Submitted to: American Geophysical Union
Publication Type: Abstract Only
Publication Acceptance Date: 12/15/2000
Publication Date: N/A
Citation: N/A

Interpretive Summary:

Technical Abstract: Wildfire is a major ecological process and management issue in western range and forest ecosystems. Major unknowns associated with wildfire are its affect on vegetation and soil conditions and hydrologic processes including infiltration, surface runoff, erosion, sediment production and transport, and flooding. Improved small-plot rainfall simulation techniques are being applied in wildland fire settings to determine post-fire hydrologic response.

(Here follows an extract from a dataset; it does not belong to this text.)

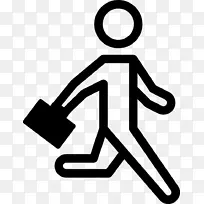 领衬衫剪贴画电脑图标袖子衬衫-空若网 领衬衫剪贴画电脑图标袖子衬衫-空若网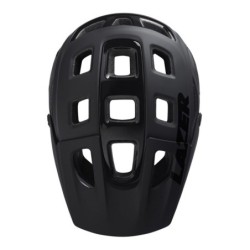Compra Casco Lazer Impala MIPS Negro Carbon: Seguridad y Estilo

Infiltration, runoff, erosion, and longer-term basin hydrologic processes are currently being studied on the 1999 34,400-ha Denio Fire in northwestern Nevada. Plot-scale spatial and temporal variability of fire impacts are compared to adjacent unburned areas. Fire impacts on hydrologic response at the catchment-scale are also being studied. Thus far, rainfall simulation results indicate little effect of fire on infiltration, but significant effects on surface runoff and erosion processes. Such results are substantiated at the catchment-scale during multiple snowmelt/frozen soil runoff events.